Der sozialen, gesellschaftlichen, wirtschaftlichen und auch politischen Immobilität der Bevölkerung in der Ostregion Österreichs steht eine in den genannten Bereichen bedeutend größere Flexibilität der ober- und westösterreichischen Bevölkerung gegenüber, deren Ursache insbesondere in einer viel engeren Bindung an Eigentum, das unabhängiger macht, zu suchen ist. Was dem Burgenländer der Pachtgrund und dem Wiener der Schrebergarten oder die Saisonkabine im städtischen Strandbad ist, das ist für den Innsbrucker die Eigentumswohnung und für den Vorarlberger das Eigenheim. Dabei ist im übrigen die Bereitschaft, Kreditverpflichtungen einzugehen, in den privaten Haushalten Wiens erheblich größer als in den privaten Haushalten Tirols, obwohl diese Haushalte in Wien kaum substantielles Eigentum (wozu in dieser Betrachtung weder eine Genossenschaftswohnung noch ein Personenkraftwagen gerechnet werden) begründen.
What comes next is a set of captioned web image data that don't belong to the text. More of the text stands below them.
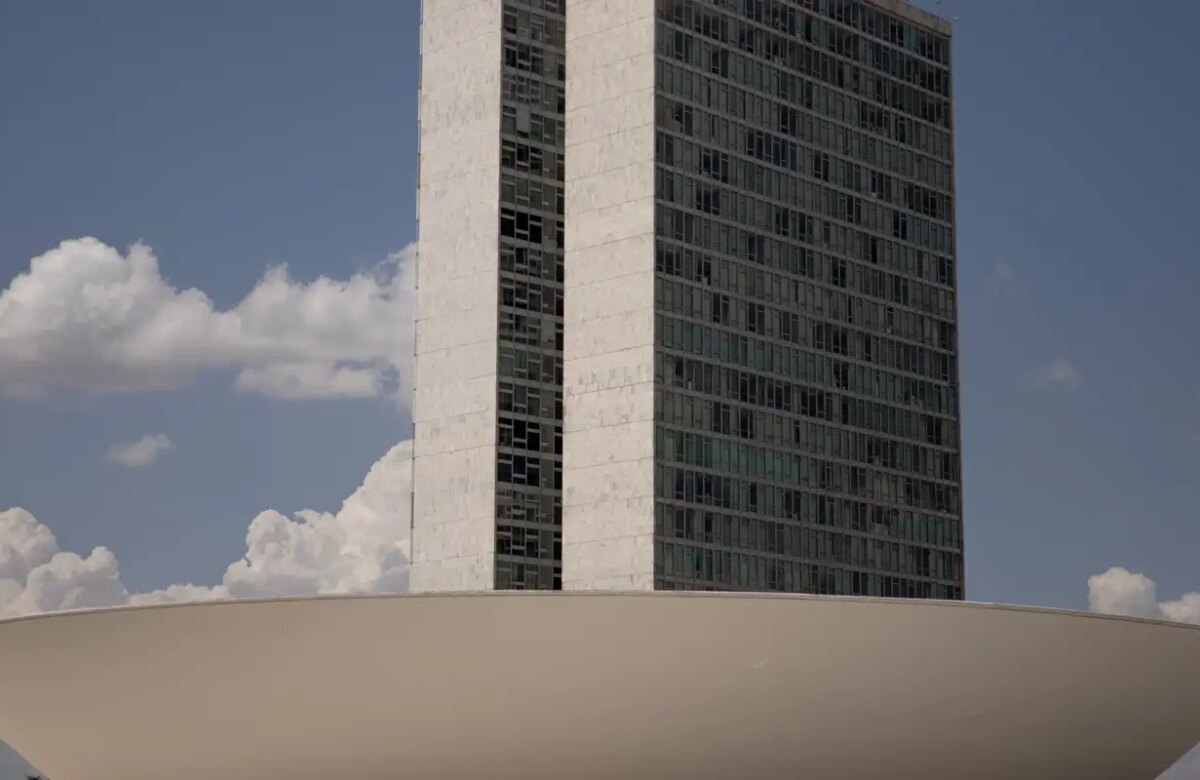 Câmara aprova aumento de pena para crime contra profissionais de saúde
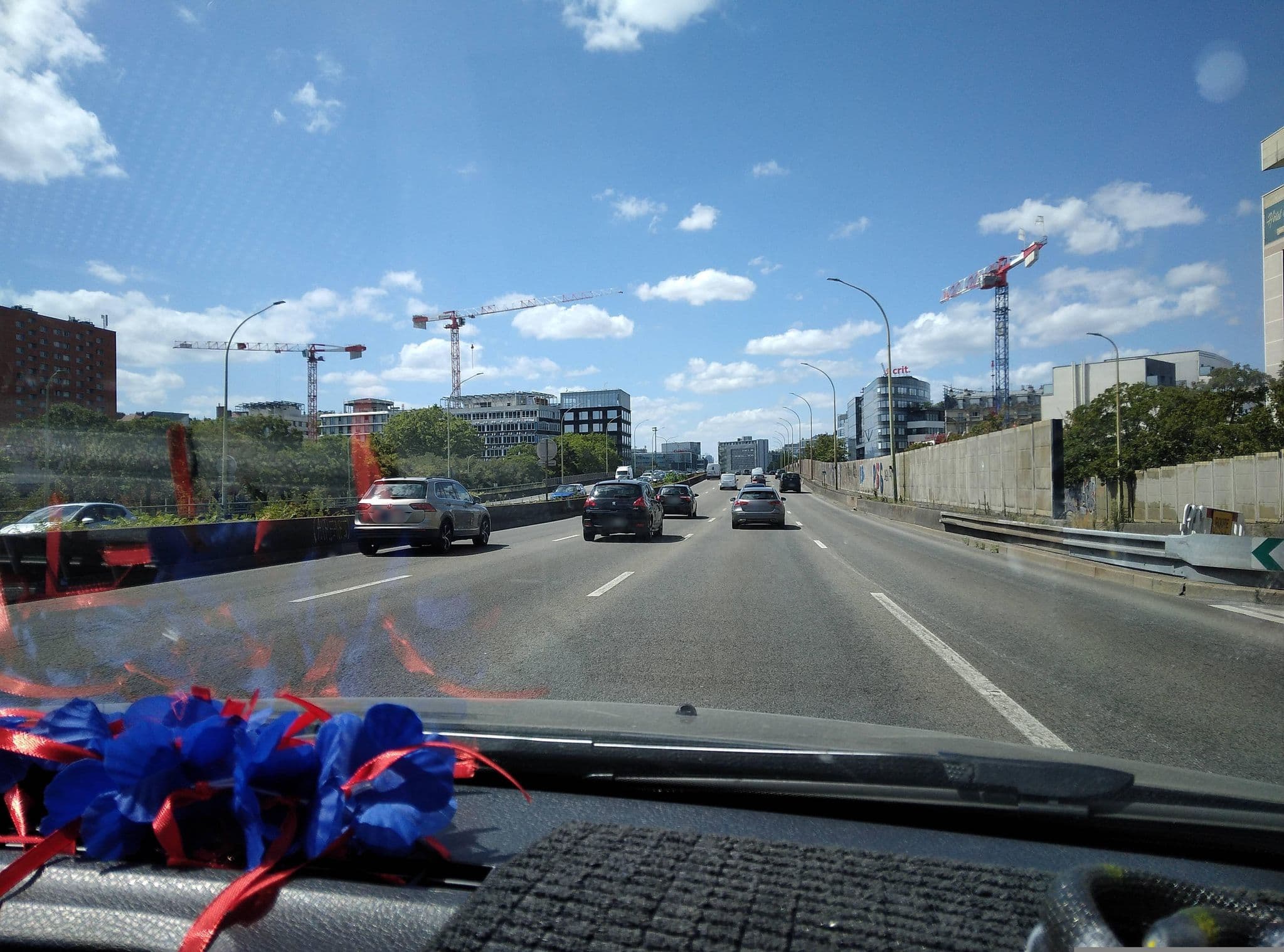 Street view near HotelF1 Porte de Montmartre, Saint-Ouen — © didoudidi77 (CC BY-SA · Mapillary)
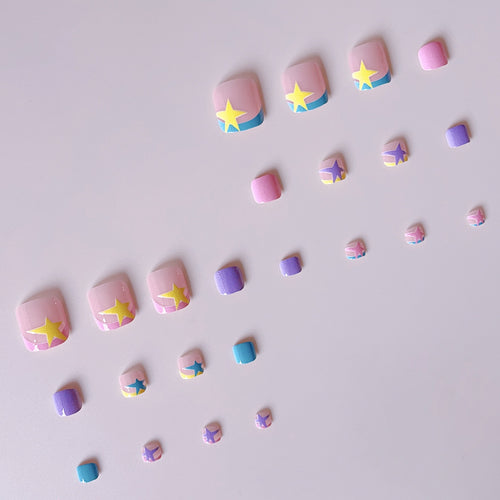 Fußnagelkunstset mit lebendigen Farben und kreativen Designs Karnz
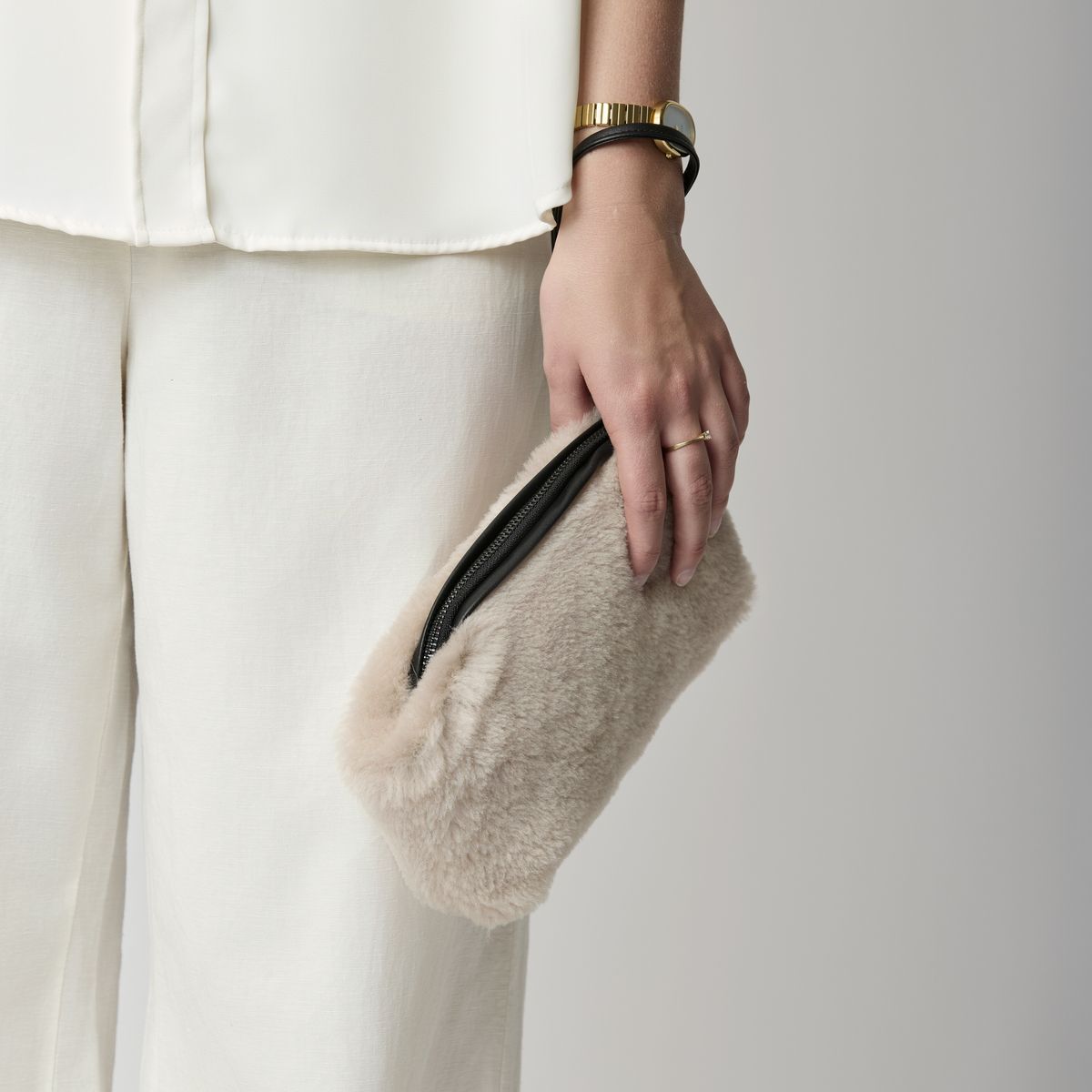 Nelly Clutch | Neuseeland | Lammwolle Lederbraun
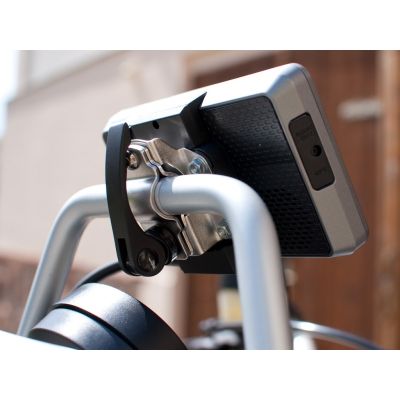 Držák na upevnění navigace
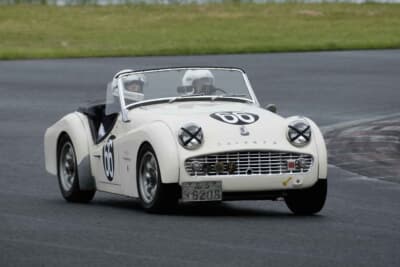 走行会“RACメモリアルラン”ではBow.さんの意志を引き継いだ名取さんが、奥様晴美さんと共に個人を偲ぶサーキットランを行った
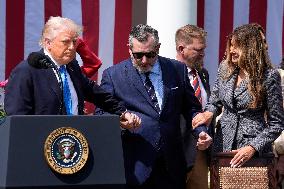 Donald Trump signs Take It Down Act - Washington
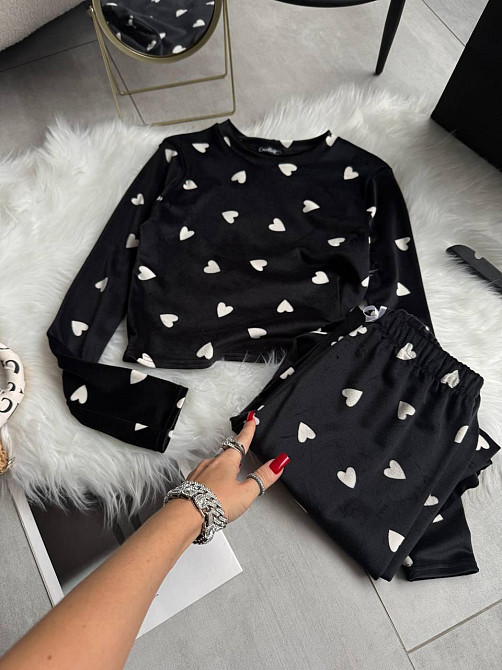 Жіноча стильна принтована домашня піжама з плюшевого велюру Чорний Одеса - фото 3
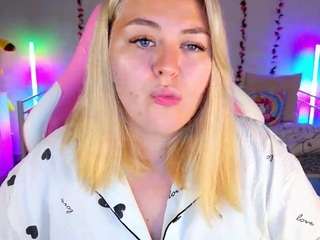 hornycakee camsoda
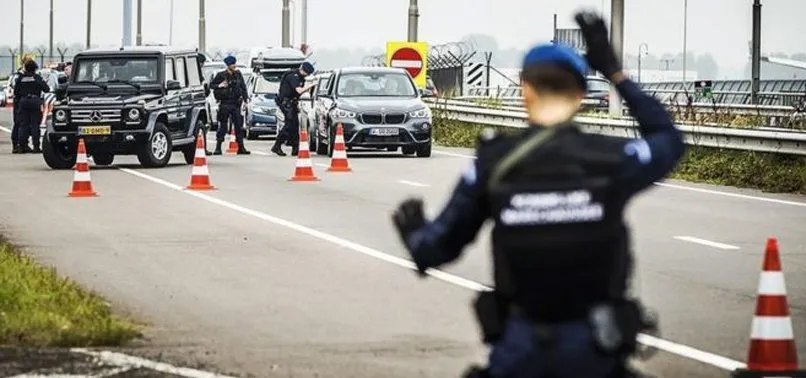 Polis, el koyduğu kebapları kendi dağıttı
Von einer großzentrischen Urbanisierungstendenz, wie sie Heinz Kienzl wahrhaben will, kann heute in Österreich längst nicht die Rede sein. Am Beispiel Wien geprüft, ist das Gegenteil der Fall. Die subzen-trische Urbanisierung in Oberösterreich, Salzburg, Tirol und Vorarlberg schafft ähnliche materielle Startbedingungen, keineswegs aber größere materielle Gleichheit. Diese ähnlichen materiellen Startchancen sind der Ausgangspunkt der im Vergleich zu Ostösterreich größeren gesellschaftlichen und wirtschaftlichen Dynamik im Westen Österreichs. Überdies orientieren sich die Bewohner in den westösterreichischen Subzentren weniger an der Entwicklung im Wiener „Wasserkopf“ als an der Entwicklung etwa im süddeutschen Ballungsraum mit der so rasch wachsenden Hauptstadt München.

Darin äußert sich keineswegs eine unausrottbare Aversion gegen die „großköpfige“ Bundeshauptstadt, wie man das in sozialistischen Zirkeln Wiens gern behauptet und wofür sich im letzten Bundespräsident-schaftswahlkampf die doch angeblich so ungleiche „Arbeiter-Zeitung“ und „Kronen-Zeitung“ auf ihren Leserbriefseiten als Sprachrohre hergaben, sondern einfach die logische Annäherung an Erfolg und Dynamik. Wien und Ostösterreich ist nun einmal damit nicht reich gesegnet, darüber geben auch die Untersuchungen des Wirtschaftsforschungsinstituts über die Entwicklung der „Österreichischen Wirtschaft nach .Bundesländern“ detaillierten Aufschluß, und mit lässigem „Schmäh“ allein läßt sich keine Strahlkraft erreichen.

Für ein prosperierendes Österreich ist eine stagnierende Ostregion ein Ballast. Die materielle Abhängigkeit von Parteien und anderen Massenorganisationen schafft ebensowenig wie die sich in der Atmosphäre von Gemeindehäusern entwik-kelnde Subkultur keineswegs, wie das Kienzl formuliert hat, „bessere Möglichkeiten der Teilnahme an den Errungenschaften der Zivilisation“. Im Gegenteil: sie verführen zum politischen Desinteresse (bei der Bundespräsidentschaftswahl war die Wahlbeteiligung interessanterweise im politisch durchorganisierten Wien am geringsten) und damit auch zum gesellschaftlichen Rückschritt.